> _DATA TO PROCESS_:
________________________
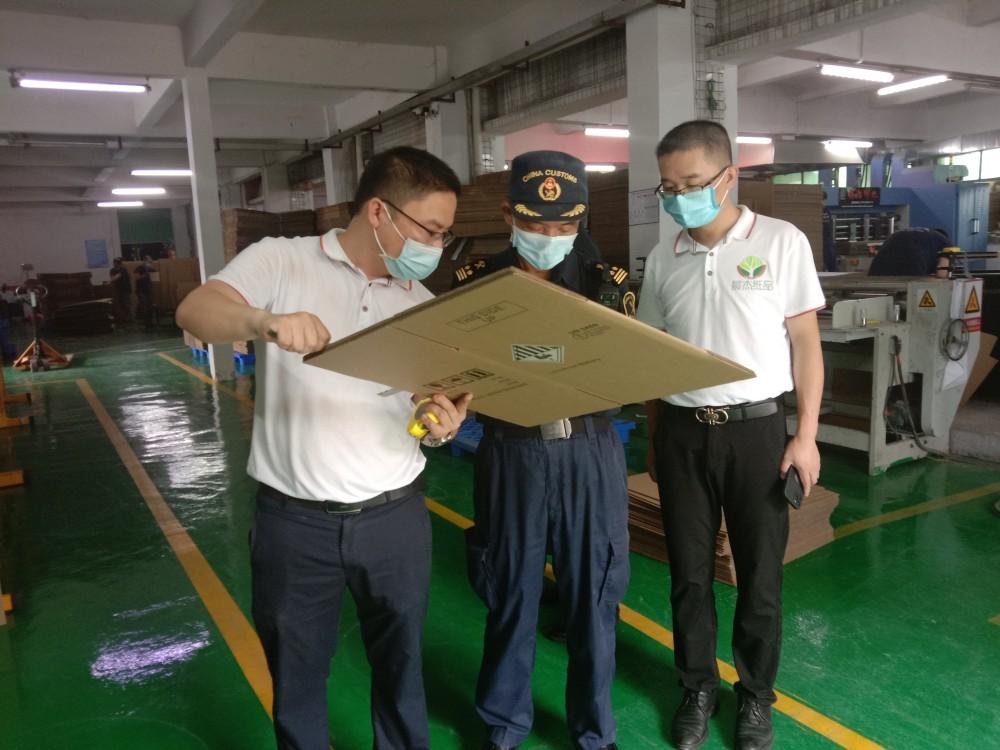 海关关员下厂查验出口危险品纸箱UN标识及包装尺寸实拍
________________________
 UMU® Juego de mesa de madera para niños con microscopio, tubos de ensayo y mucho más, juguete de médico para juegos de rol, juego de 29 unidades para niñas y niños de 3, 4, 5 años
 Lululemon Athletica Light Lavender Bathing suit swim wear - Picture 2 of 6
________________________
> _HOW TO COMPLETE THIS TASK_:
Start with the line above that contains "UMU® Juego de" and stop after the line that contains "Lululemon Athletica Light". Output those lines exactly, and only those.

> _PROBLEM SOLUTION_:
 UMU® Juego de mesa de madera para niños con microscopio, tubos de ensayo y mucho más, juguete de médico para juegos de rol, juego de 29 unidades para niñas y niños de 3, 4, 5 años
 Lululemon Athletica Light Lavender Bathing suit swim wear - Picture 2 of 6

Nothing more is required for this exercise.